Roland Barthes (12 November 1915, Cherbourg — 26 March 1980, Paris) was a French literary critic, semiologist, and essayist, one of the central figures of structuralism and of the post-structuralist turn. Marked in youth by tuberculosis, which kept him from a regular academic career, he built an unclassifiable body of work poised between criticism, philosophy, and literature. In 1977 he was elected to a chair of literary semiology at the Collège de France. He died in 1980, weeks after being struck by a van in Paris.
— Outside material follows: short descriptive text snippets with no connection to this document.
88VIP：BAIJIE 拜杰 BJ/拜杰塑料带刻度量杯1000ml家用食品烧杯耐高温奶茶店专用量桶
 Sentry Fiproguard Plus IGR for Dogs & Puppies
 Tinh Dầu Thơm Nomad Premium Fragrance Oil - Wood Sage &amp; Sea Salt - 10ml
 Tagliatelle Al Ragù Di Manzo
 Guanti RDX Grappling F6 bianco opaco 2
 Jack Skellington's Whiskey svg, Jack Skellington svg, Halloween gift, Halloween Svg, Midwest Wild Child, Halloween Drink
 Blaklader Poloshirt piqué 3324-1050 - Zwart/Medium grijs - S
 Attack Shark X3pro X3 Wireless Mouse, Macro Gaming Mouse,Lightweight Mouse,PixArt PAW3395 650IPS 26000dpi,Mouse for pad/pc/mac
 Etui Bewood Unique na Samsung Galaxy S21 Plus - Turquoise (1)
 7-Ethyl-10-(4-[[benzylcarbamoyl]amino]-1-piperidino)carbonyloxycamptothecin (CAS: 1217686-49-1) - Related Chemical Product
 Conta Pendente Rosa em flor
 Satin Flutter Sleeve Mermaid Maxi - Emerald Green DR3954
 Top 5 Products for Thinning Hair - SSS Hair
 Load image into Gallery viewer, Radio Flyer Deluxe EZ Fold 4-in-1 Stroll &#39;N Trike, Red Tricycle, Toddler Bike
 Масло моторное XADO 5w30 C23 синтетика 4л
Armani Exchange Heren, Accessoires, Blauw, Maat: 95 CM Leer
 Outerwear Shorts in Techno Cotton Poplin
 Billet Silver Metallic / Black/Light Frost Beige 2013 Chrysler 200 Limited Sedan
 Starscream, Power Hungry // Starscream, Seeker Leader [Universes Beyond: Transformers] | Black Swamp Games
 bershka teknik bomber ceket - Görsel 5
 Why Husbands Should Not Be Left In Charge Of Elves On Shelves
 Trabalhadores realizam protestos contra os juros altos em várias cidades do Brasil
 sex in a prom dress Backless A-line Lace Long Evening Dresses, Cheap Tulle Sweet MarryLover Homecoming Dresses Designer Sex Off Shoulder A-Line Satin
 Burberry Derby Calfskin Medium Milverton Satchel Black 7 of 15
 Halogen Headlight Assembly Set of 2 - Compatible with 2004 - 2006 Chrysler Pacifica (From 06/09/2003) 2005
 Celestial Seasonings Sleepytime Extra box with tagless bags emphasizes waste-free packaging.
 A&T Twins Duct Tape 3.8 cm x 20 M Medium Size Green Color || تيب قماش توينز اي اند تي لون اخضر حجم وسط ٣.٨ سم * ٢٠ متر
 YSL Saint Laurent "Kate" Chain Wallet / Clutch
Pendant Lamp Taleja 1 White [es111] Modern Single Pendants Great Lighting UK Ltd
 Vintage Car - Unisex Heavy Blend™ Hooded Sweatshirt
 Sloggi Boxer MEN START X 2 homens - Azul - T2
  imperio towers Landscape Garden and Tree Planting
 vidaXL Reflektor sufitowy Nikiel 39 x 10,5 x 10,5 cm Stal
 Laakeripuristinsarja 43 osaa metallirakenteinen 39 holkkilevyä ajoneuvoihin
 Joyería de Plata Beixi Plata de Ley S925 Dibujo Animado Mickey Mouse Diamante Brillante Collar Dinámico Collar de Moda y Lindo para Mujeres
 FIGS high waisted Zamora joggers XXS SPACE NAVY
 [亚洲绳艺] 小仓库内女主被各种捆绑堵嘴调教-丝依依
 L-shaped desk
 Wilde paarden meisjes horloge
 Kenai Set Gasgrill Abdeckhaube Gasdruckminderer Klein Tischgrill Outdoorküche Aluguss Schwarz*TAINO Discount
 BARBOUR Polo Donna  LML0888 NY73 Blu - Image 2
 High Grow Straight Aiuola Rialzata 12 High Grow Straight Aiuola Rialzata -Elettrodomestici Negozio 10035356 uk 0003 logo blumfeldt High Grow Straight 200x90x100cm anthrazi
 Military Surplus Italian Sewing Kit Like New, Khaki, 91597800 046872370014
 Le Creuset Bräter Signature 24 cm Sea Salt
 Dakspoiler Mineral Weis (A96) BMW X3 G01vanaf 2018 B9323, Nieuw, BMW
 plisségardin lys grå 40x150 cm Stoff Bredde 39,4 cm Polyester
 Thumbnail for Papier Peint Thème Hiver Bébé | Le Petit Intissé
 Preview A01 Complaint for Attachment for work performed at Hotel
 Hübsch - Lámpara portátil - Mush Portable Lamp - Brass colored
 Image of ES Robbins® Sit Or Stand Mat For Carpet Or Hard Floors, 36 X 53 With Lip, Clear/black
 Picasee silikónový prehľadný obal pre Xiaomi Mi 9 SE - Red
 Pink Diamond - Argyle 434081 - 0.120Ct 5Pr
His path is usually divided into phases: an early Marxist and Sartrean moment (Writing Degree Zero, 1953); the semiological and structuralist phase (Mythologies, 1957; Elements of Semiology, 1964); and the textualist, post-structuralist turn from S/Z (1970) onward, culminating in the essays on pleasure and the later, more intimate and fragmentary works.

Key Concepts

  • Myth as a second-order semiological system (Mythologies, 1957): Barthes applies the sign of Ferdinand de Saussure to mass culture. Myth is a connotation: it takes an already complete sign (a magazine cover, a plate of food) and loads it with an ideological meaning that passes itself off as natural. The function of myth is to turn history into nature — to naturalize what is constructed.
  • The death of the author (The Death of the Author, 1967/68): a text’s meaning does not lie in its writer’s intention. “The birth of the reader must be at the cost of the death of the Author.” The text is a tissue of quotations without fixed origin; it is the reader, not the author taken as an explanatory deity, who unifies it.
  • Readerly and writerly (lisible / scriptible, in S/Z, 1970): the readerly text is the classic, consumable, closed in meaning; the writerly makes the reader a producer, plural and open. In S/Z, Barthes dissects a Balzac novella into five “codes” that weave the narrative.
  • Studium and punctum (Camera Lucida, 1980): in photography, the studium is the coded cultural interest one can comment on; the punctum is the piercing detail that wounds the viewer, escaping the code — the mark of affect and loss.
  • Pleasure and bliss of the text (The Pleasure of the Text, 1973): a distinction between pleasure (comfortable, tied to culture) and bliss (jouissance, an enjoyment that shakes the subject and its certainties).
  • The reality effect and the critique of doxa: realist literature produces the illusion of reference through “useless” details; and the critic’s task is to denaturalize doxa, the dominant opinion that presents itself as obvious.

Influenced by

  • Ferdinand de Saussure — the sign and the semiological project
  • Karl Marx and Bertolt Brecht — the critique of ideology (early phase)
  • Sartre — the notion of committed writing, later surpassed
  • Louis Hjelmslev — the theory of connotation

Influenced

  • Contemporary literary theory and narratology
  • Post-structuralism and the theory of the text (Jacques Derrida, Julia Kristeva)
  • Cultural studies and the critique of mass culture
  • Reader-response and the theory of reading

Works

Writing Degree Zero (1953); Mythologies (1957); Elements of Semiology (1964); S/Z (1970); Empire of Signs (1970); The Pleasure of the Text (1973); A Lover’s Discourse: Fragments (1977); Camera Lucida (1980).